# Ricotta Cheese Gnocchi



## jvallas (Jul 16, 2013)

Just saw this in an email, and I coincidentally happen to have a small bit of homemade ricotta. It looks so easy and yummy, I may try it for lunch! With spaghetti gravy, though.
http://cooking.nytimes.com/recipes/1013318-ricotta-cheese-gnocchi?em_pos=medium&emc=edit_ck_20160524&nl=cooking&nlid=4413061


----------



## krestiekrew (Aug 24, 2012)

What is spaghetti gravy? (got a feeling I will be sorry I asked this but....)


----------



## jvallas (Jul 16, 2013)

krestiekrew said:


> What is spaghetti gravy? (got a feeling I will be sorry I asked this but....)

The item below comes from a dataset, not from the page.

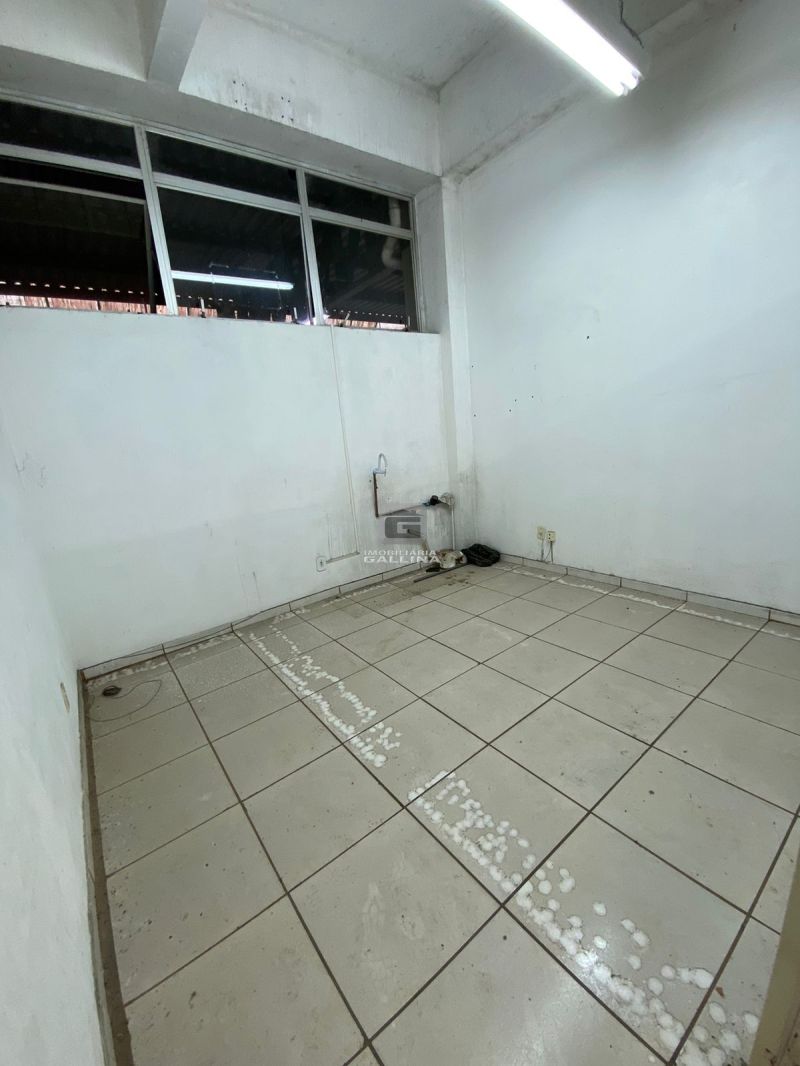 Sala no bairro NOSSA SENHORA DE LOURDES em SANTA MARIA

Same thing as spaghetti sauce. I have a tendency to use them interchangeably because of an old friend who's Italian (I think "gravy" is what most Italians prefer to call it).


----------



## Cocoa (Jul 23, 2012)

This sounds good. Normally I do not like Gnocchi, but this sound good! I a almost always have homemade Ricotta on hand so I will definitely try it this week. Thanks for posting.


----------



## mairmie (Jun 16, 2011)

Anyone want to share a recipe for homemade Ricotta? I`d love to try making my own. Thanks!


----------



## jvallas (Jul 16, 2013)

mairmie said:


> Anyone want to share a recipe for homemade Ricotta? I`d love to try making my own. Thanks!


I made it kind of accidentally when I goofed while making some homemade yogurt, so I'm not exactly sure what I'd done. But the whey from the yogurt-making curdled the milk. I then put it into one of my yogurt draining bags (for making Greek yogurt or what's called yogurt cheese) and let it drain pretty dry. It was great in the gnocchi, which I did make yesterday.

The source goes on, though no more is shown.